# I Got Scammed



## SRRBrute (Oct 17, 2011)

Yeah, it looks like that is what has happened. I have tried contacting the guy I bought some wheels from and haven't heard from him in a couple of days. I have no wheels, and am out $190. He had great communication up until the point he got my money, and then he was silent. I made a mistake I should have known better than to do, but I sent him money using the friends and family part of Paypal. That's where he got me. I can't dispute the transaction, and he has my money. I definitely learned from this mistake, and will only be using the real service they offer from now on.

If anyone ever has any dealings with Trenton Osburn, or Trent Osburn, be very cautious, or run better yet. I know he got my number from a forum, but I don't know what his username is. He is out of Texas, from his area code, it looks like Baytown, TX maybe.


----------



## Polaris425 (Dec 16, 2004)

If we find out he's on here we'll definitely ban him. Call the local authorities, give them his name and number. And let them threaten him. Worked once for me.


----------



## SRRBrute (Oct 17, 2011)

Ok, thanks. I do need to try that. I know I was stupid for not using the purchased goods part of Paypal. Just tried to save us some time and money, and ended up costing myself both. Live and learn!


----------



## jpence (Dec 7, 2011)

Man that guy got me last year. Also went by Nelson Phillips

---------- Post added at 11:27 PM ---------- Previous post was at 11:24 PM ----------

I wanted to drive all the way there from Alabama to find that piece of trash


----------



## BIGPUN (Dec 20, 2008)

He got me this week to on a lift kit....he said his username was bigbrute4242 but I don't think its active. It's ok though my cousin works for fort bend sheriffs dept in tx. I told him he has to monday to pay back or he will start investigating...

Sent from my ADR6425LVW using Tapatalk


----------



## Lsu524 (Apr 23, 2013)

well then give srrbrute his address!!! we gotta get this guy.


----------



## jlint1988 (Apr 20, 2012)

Hell I'm only a hour away from Baytown, makes me want to beat the brakes off him I hate hearing stuff like this

Sent from my SAMSUNG-SM-N900A using Tapatalk


----------



## BIGPUN (Dec 20, 2008)

He needs it, apparently he did the same thing on highlifter....

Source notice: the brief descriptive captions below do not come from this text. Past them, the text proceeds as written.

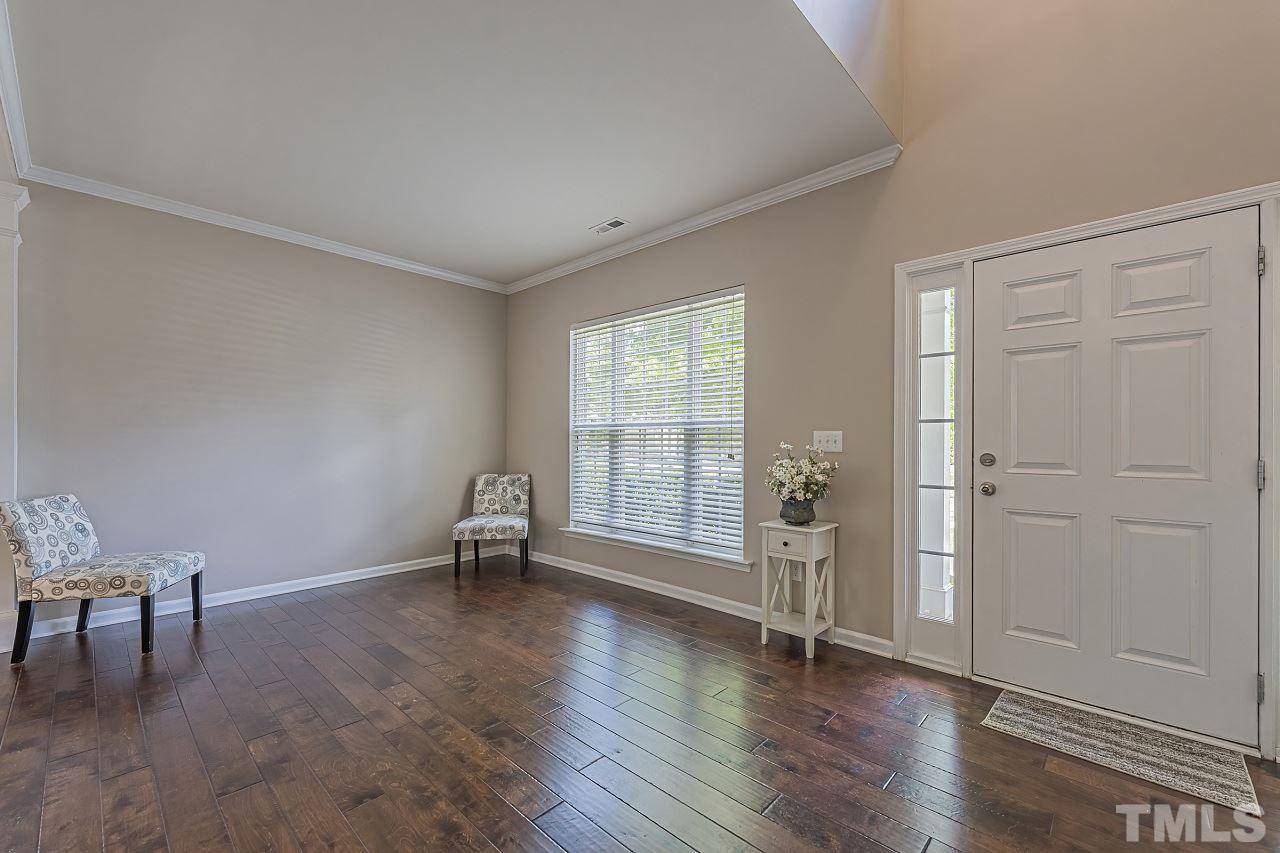 7759 San Gabriel Street Raleigh, NC 27613 - Photo 4 of 30 an empty room with wooden floor and a window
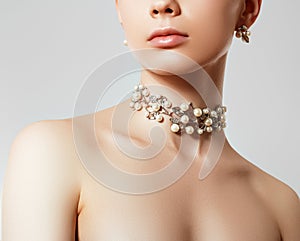 Beautiful woman with Pearl Necklace. Young beauty model with pearl pendant and earrings. Jewellery and accessories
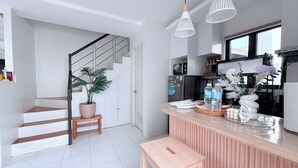 A modern kitchen with a wooden island, stainless steel appliances, and a potted plant.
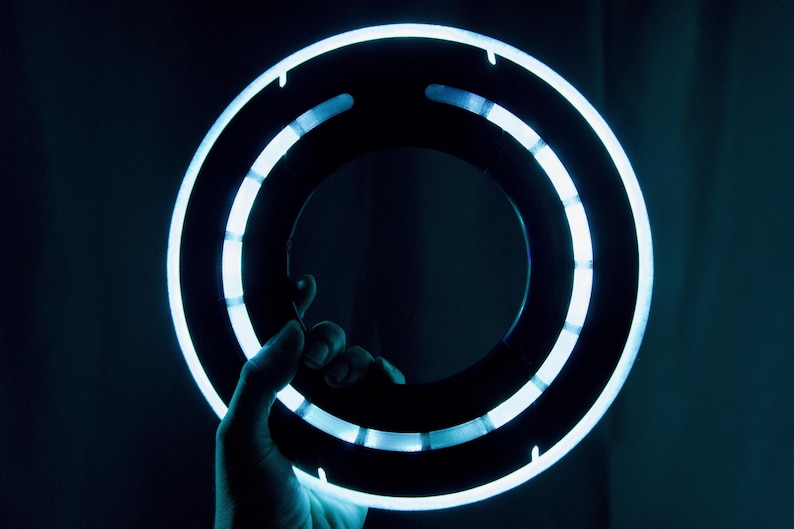 May include: A circular, black ring-shaped prop featuring a bright, glowing light blue LED strip along its outer edge. The design includes segmented light panels arranged in a ring formation, creating a futuristic appearance with high contrast.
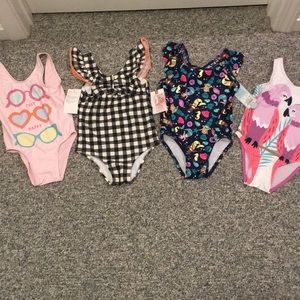 Bundle of cute bathing suits are new with tags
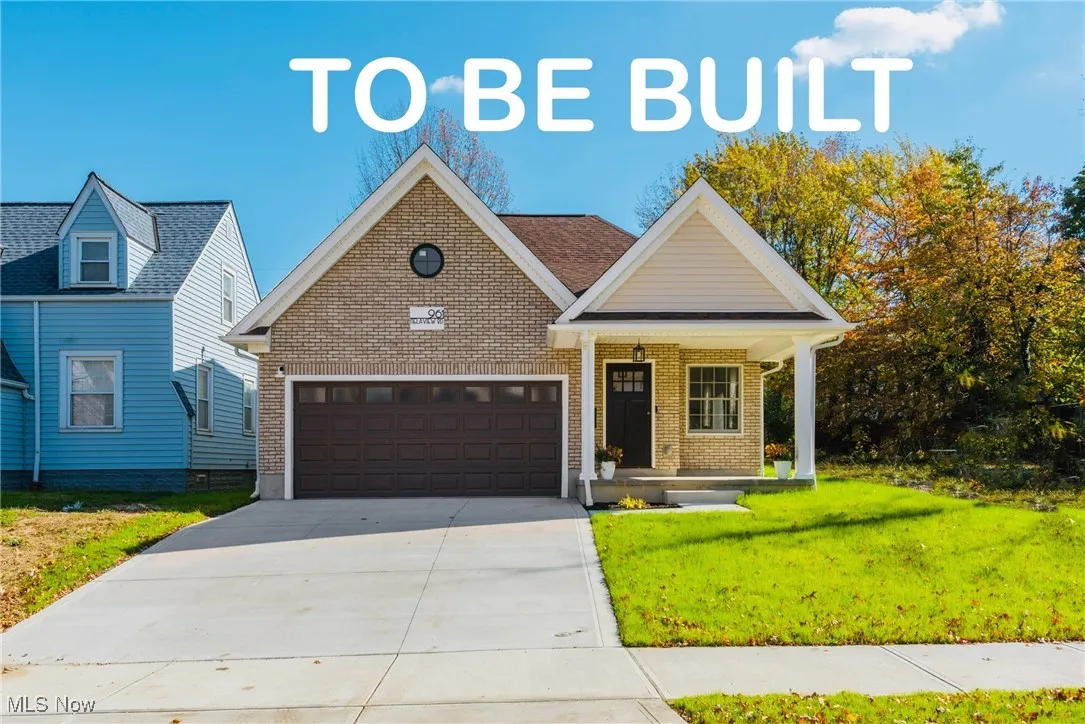 View of front facade featuring driveway, covered porch, an attached garage, a front yard, and brick siding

Sent from my ADR6425LVW using Tapatalk


----------



## rmax (Nov 21, 2009)

need to make a section for know a holes an keep track of them


----------



## Col_Sanders (May 16, 2010)

If you are on Facebook PM me your info and I'll add you to Texas ATV Scene. Some folks there have more info on him. He apparently does this a lot.


----------



## SRRBrute (Oct 17, 2011)

jlint1988 said:


> Hell I'm only a hour away from Baytown, makes me want to beat the brakes off him I hate hearing stuff like this
> 
> Sent from my SAMSUNG-SM-N900A using Tapatalk


You better believe if I was only an hour away, or not even that close, I would be paying him a visit!


----------



## BIGPUN (Dec 20, 2008)

Bumping it, for this punk..


----------